Noticed some error messages flowing by -- a whole bunch similar to:

AmoebeAbleger(): newax = 38, neway = 22
AmoebeAbleger(): This should never happen!

regarding level 39 of 'rnd_yamyam_palace'. Attaching the tape.
Attachments
rnd_yamyam_palace-039.tape
(560 Bytes) Downloaded 185 times
filbo
Posts: 647
Joined: Fri Jun 20, 2014 10:06 am

Re: AmoebeAbleger(): This should never happen!

Post by filbo »

I re-ran it and it spewed tons of output, but nothing interesting ended up in ~/.rocksndiamonds/std{out,err}.

So I reran with > /tmp/out 2>/tmp/err, and all the interesting stuff ended up in stdout, which is attached.
Attachments
rnd_yamyam_palace-039-autotest-out.txt.bz2
(1.35 KiB) Downloaded 207 times
User avatar
Holger
Site Admin
Posts: 4073
Joined: Fri Jun 18, 2004 4:13 pm
Location: Germany
Contact:

Re: AmoebeAbleger(): This should never happen!

Post by Holger »

I'm running a massive autotest of all my saved tapes [and boy, a huge fraction aren't working :( ]
So the most interesting question will be if these tapes fail due to engine bugs or due to being broken as caused by using the buggy snapshot system. :-o

At least, this question can usually easy be answered: Take a few of these broken tapes, use the "file" command on them (with the "magic" file extensions for R'n'D files) to see with which game version they were recorded with, and replay/autotest them with exactly this version. If they succeed, I've added engine incompatibilities (or bugs) in later versions. If they still fail, they are really broken (for whatever reason, having used the snapshot system being the most likely reason).

A third possible cause, unfortunately, is running an older, 32-bit support only version that was compiled on a 64-bit system. This was fixed in one of the latest 3.x versions (3.1.0.0, I think), but an overseen 32/64-bit bug in the EM engine was only fixed in 4.0.1.2.

I will have a look at that example tape and error output later!

Update: 64-bit support was added in version 3.3.1.0.
filbo
Posts: 647
Joined: Fri Jun 20, 2014 10:06 am

Re: AmoebeAbleger(): This should never happen!

Post by filbo »

I get this output (which you'll also have seen):

$ file 039.tape
039.tape: Rocks'n'Diamonds data, tape file, version 3.2.6-1, engine 1.4.0-0, date 20110111, level set "rnd_yamyam_palace", level 39

-- which ought to be new enough, if you're right. The levelset 'rnd_yamyam_palace' uses the RnD engine if I'm not mistaken.

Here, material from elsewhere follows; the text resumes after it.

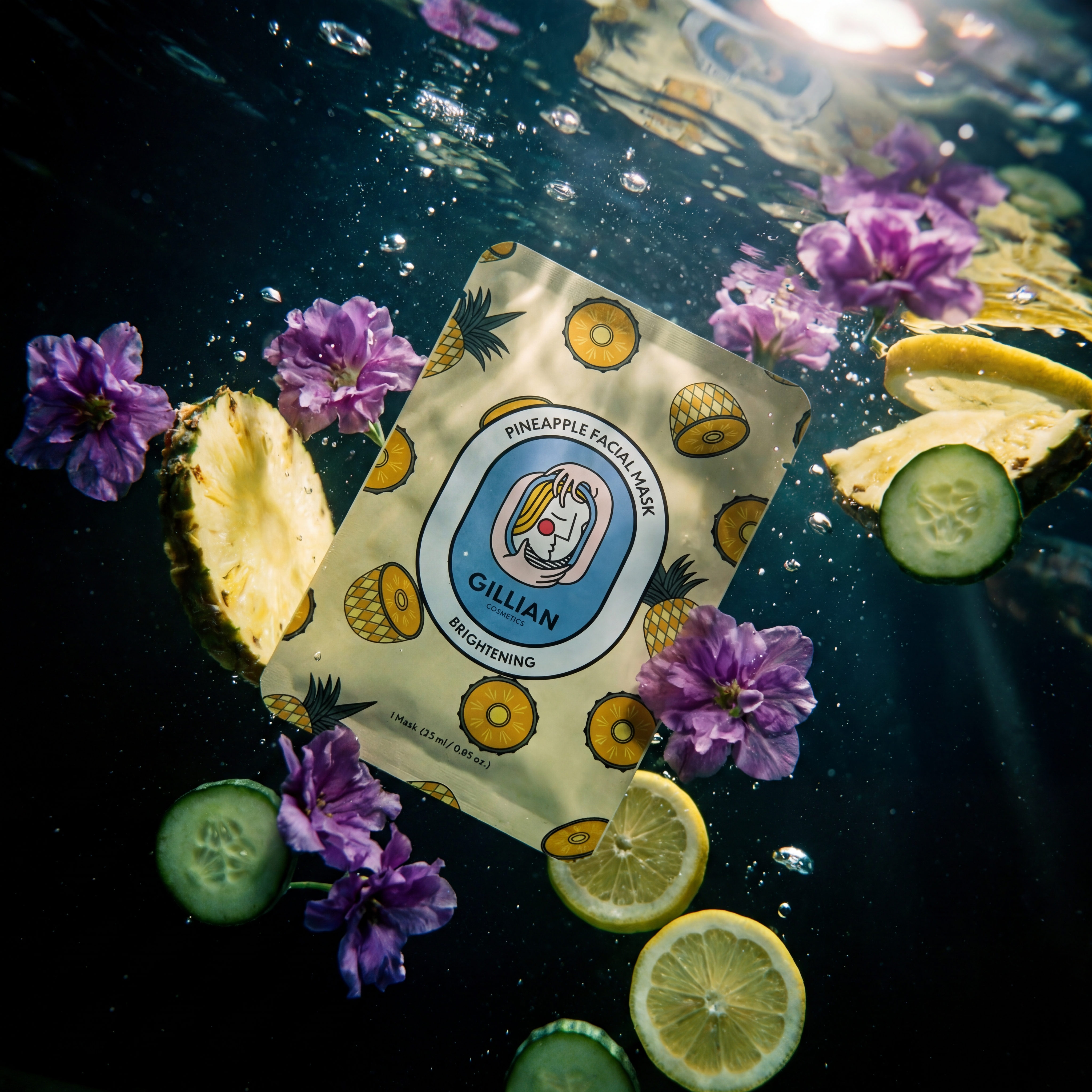 Gillian Cosmetics Pineapple (Brightening) Sheet Mask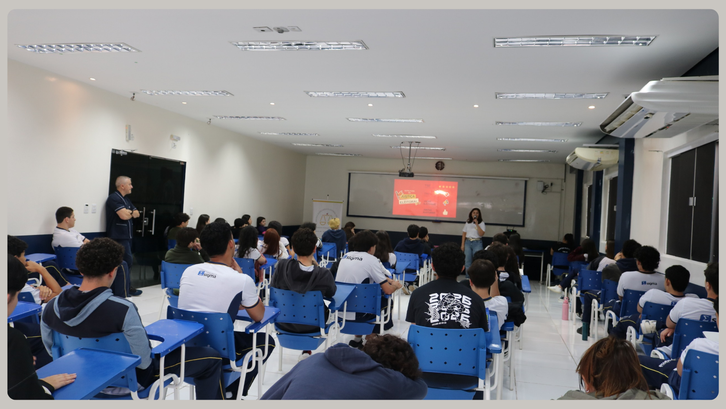 TRE-AC leva educação midiática e incentivo ao voto à Escola Sigma Estudantes debateram sobre o papel do voto, combate às fake news e puderam emitir o primeiro tít...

Unfortunately my systematic directory of old RnD personal builds only goes back to 2015-04-01, version 4.0.0.0, 64-bit. Fortunately, I also have a few ad hoc old binaries, including a 3.3.0.1 (64-bit) and 3.3.1.2 (32 & 64). Off to try that with those binaries...

... ok, with 3.3.0.1 (which I believe came from an Ubuntu repository), it plays to 197s and dies, with no interesting stderr output. With 3.3.1.2 64-bit it prints the same style of messages (didn't try to confirm if _same_ messages) and dies somewhere along the way. The other binaries don't work (shared object problems).

For a *long* time now (at least 3y, but I think significantly longer), I have not been using the F1/F2 save system. Only the 'replay from start until near death' system. I also make it a habit to replay the level immediately after succeeding (I mean either '555' 'play as fast as possible through the end', or '5555' 'play as fast as possible (no display) to the end'). So I am rather puzzled to find that *still*, recently played levels have lots of problems.

e.g. emc_eagle_mine_07, with tapes dated 2018-02-12 through 19, has 35 of 81 levels NOT SOLVED.

According to tape & binary timestamps, these were created with a 4.0.1.1 64-bit binary dated 2018-02-04.

I can play back the tapes manually with that binary (i.e. go to that levelset & level number, then 'play'). But this:

$ bin/20180204-sdl1/rocksndiamonds --mytapes -e "autotest emc_eagle_mine_07"

results in an immediate seg fault! : (

Oh, interesting: this works (currently in progress):

$ bin/20180204-sdl1/rocksndiamonds --mytapes -e "autowarp emc_eagle_mine_07"

For some reason it can autowarp (play as fast as possible on-screen) but not autotest (play/test with no window). It has so far played levels 0-27 with no deaths (better than 4.0.1.3 current).

(all of which is moderately off-topic from the amoeba messages in old 3.x tapes...)
filbo
Posts: 647
Joined: Fri Jun 20, 2014 10:06 am

Re: AmoebeAbleger(): This should never happen!

Post by filbo »

Do you want a tarball of 81 4.0.1.1 emc_eagle_mine_07 tapes which work perfectly on 4.0.1.1 and 40% die on 4.0.1.3 current?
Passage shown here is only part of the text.